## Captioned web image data
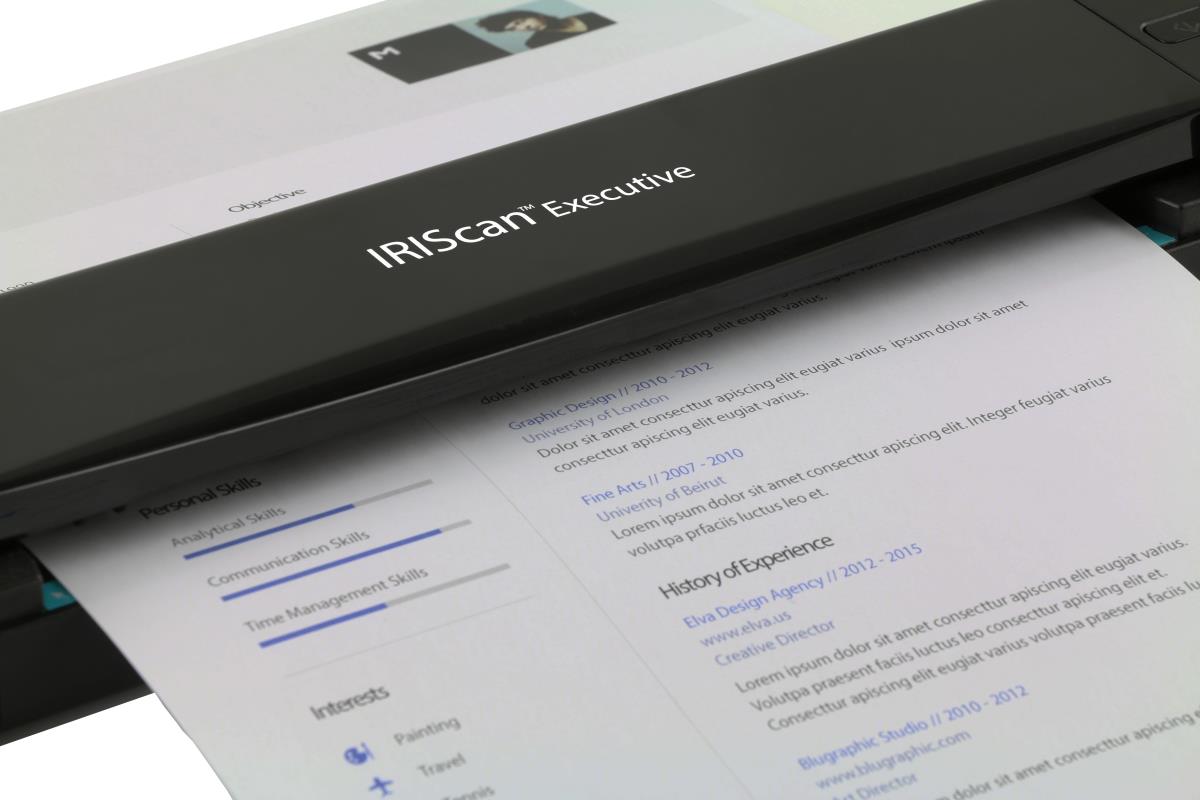 IRIS IRIScan Executive 4 - Sheetfed scanner - Dual CIS - Duplex - 216 x 813 mm - 600 dpi x 600 dpi - up to 100 scans per day - USB 2.0 thumbnail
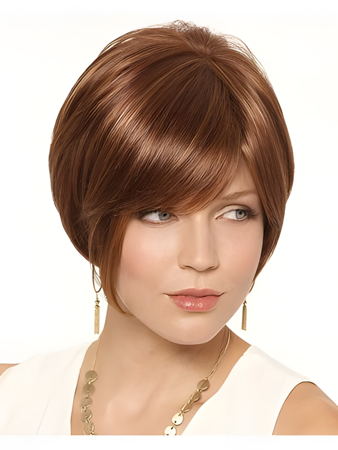 Synthetic Pleasant Monofilament Bob Wig
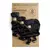 Cabelo encaracolado indiano curto bundles com fechamento circular, cabelo humano - comprar online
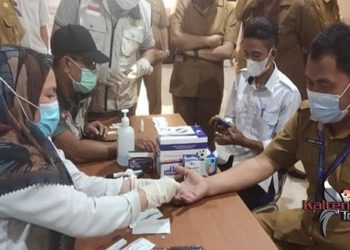 Antisipasi Klaster Perkantoran, Sekretariat DPRD Pulpis Gelar Rapid Test
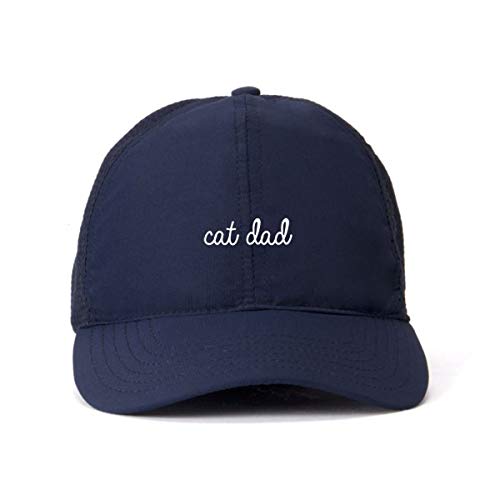 Cat Dad Baseball Cap Embroidered Cotton Adjustable Dad Hat - Picture 11 of 19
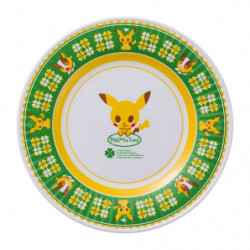 Assiette Mélamine Pikachu Verte Pokémon Time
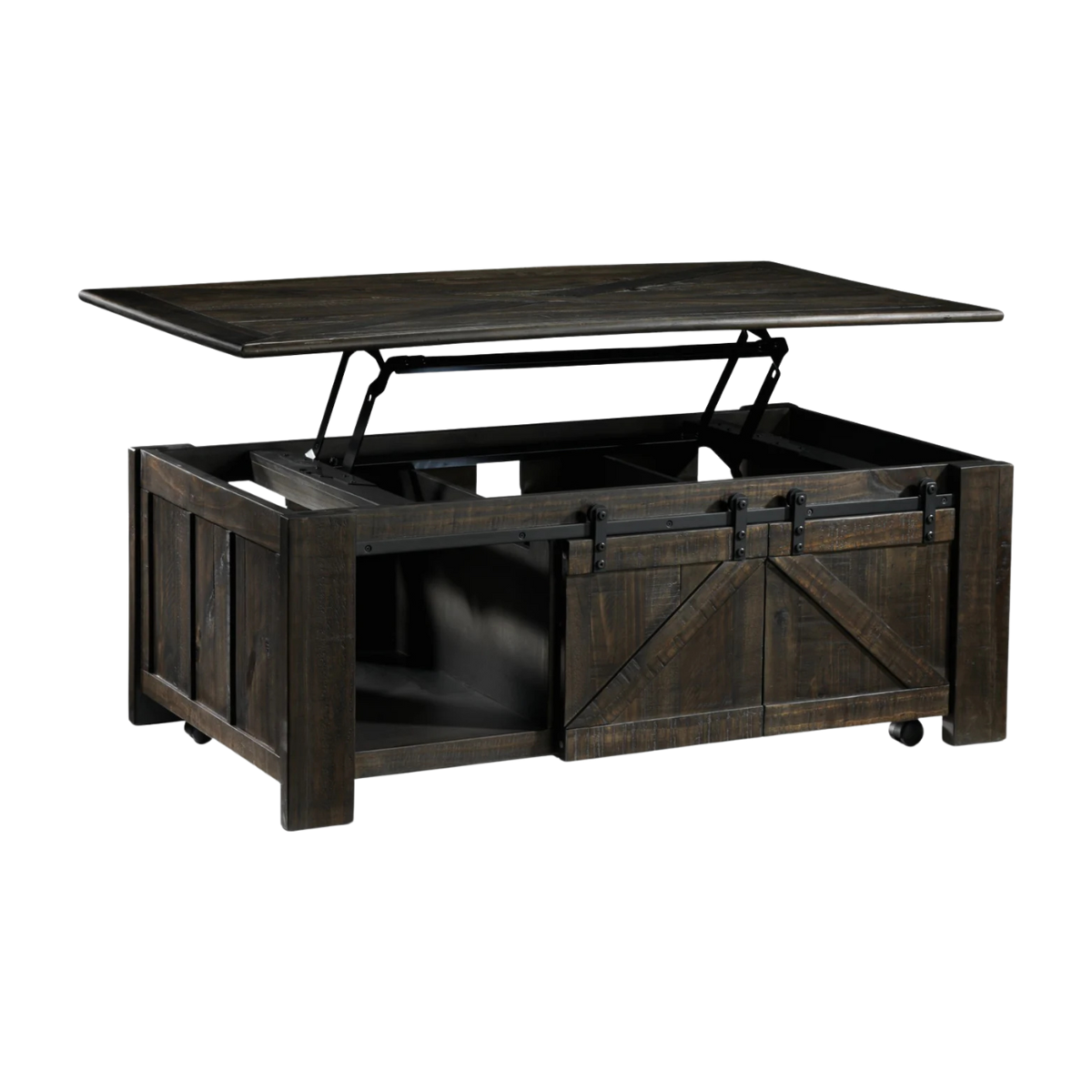 Gable 50" Lift-Top Coffee Table - Weathered Charcoal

## Exercise directions
Could every record be given again exactly, with its pictures left out?

## Your response
 IRIS IRIScan Executive 4 - Sheetfed scanner - Dual CIS - Duplex - 216 x 813 mm - 600 dpi x 600 dpi - up to 100 scans per day - USB 2.0 thumbnail
 Synthetic Pleasant Monofilament Bob Wig
 Cabelo encaracolado indiano curto bundles com fechamento circular, cabelo humano - comprar online
 Antisipasi Klaster Perkantoran, Sekretariat DPRD Pulpis Gelar Rapid Test
 Cat Dad Baseball Cap Embroidered Cotton Adjustable Dad Hat - Picture 11 of 19
 Assiette Mélamine Pikachu Verte Pokémon Time
 Gable 50" Lift-Top Coffee Table - Weathered Charcoal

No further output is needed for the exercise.